To the extent that it covers a critical part of the process of startup and the core idea, I would agree. But I don’t think there’s any magical individual who is critical to success and relying on that one person is a fool’s errand. Absent the engineered components of startup, the team is critical. We tend to think that venture-eligible startups have a team of three. We talk about the hipster, the hacker and the huckster. This combination tends to be true in our portfolio too. We want to have somebody who has the vision and extreme passion for the idea and can relate at many levels to that idea: the hipster. And then we want the hacker, who can fulfill the idea, make the product and then make the product better and better as the business evolves in the marketplace. And then there is the huckster, a business seeking and gaining momentum always needs someone to sell it in the marketplace and if that person can also manage a sales process then that’s a real bonus.  That team of three, especially early on, is critical.
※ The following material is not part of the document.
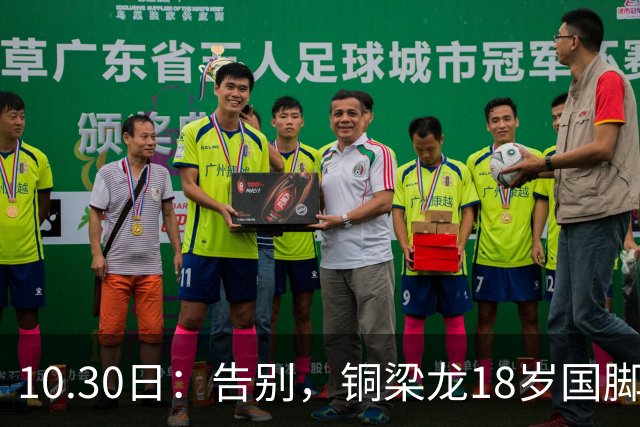 10.30日：告别，铜梁龙18岁国脚中后卫重返山东泰山，上海海港曾出价千万求购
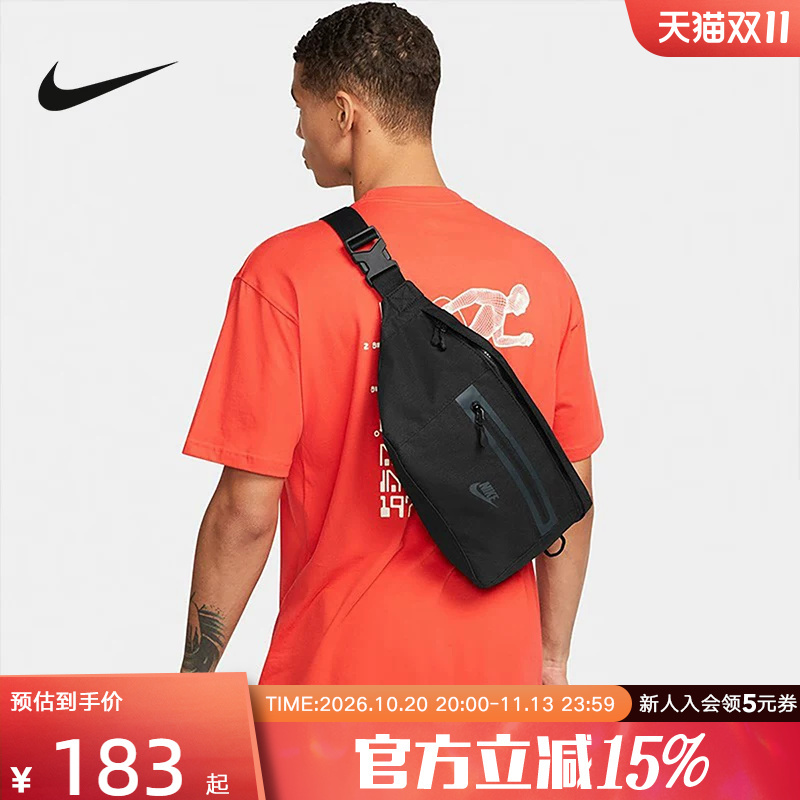 Nike Men's and Women's Bags New Sports Bag Casual Backpack Large Capacity Crossbody Bag Waist Bag Dn2556-010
What is the most common piece of advice you tell a brand new entrepreneur?

Commit your personal and professional objectives to paper — a stated purpose. Management experts and researchers have studied this at some length and the results are pretty impressive. People who actually write down their goals are up to 10 times more likely to reach them. I’ve been doing it for about 25 years and can say it really works.

Can you recommend some favorite business-related books or podcasts?

For building an employee-oriented, impact team and culture, “First Break All the Rules” by Marcus Buckingham is a must read.  As for the startup process, all of Eric Ries’ lean startup work is worth reading. “The Startup Owner’s Manual” by Steve Blank is a step-by-step guide for diving into an idea. Another good foundational work is “From Impossible To Inevitable: How Hyper-Growth Companies Create Predictable Revenue” by Aaron Ross and Jason Lemkin. I’ve loaned that one out many times.

As for podcasts, I love to listen to “How I Built This with Guy Raz.” I’ve never been disappointed by the stories of entrepreneurs and their teams building great companies.

Do you have a favorite business-related movie?

I just watched the HBO documentary “The Inventor: Out for Blood in Silicon Valley” about Elizabeth Holmes, the entrepreneur behind Theranos. She raised some $900 million to fund a product that really never worked.  It’s an interesting story of venture capital, the entrepreneur and the human mind.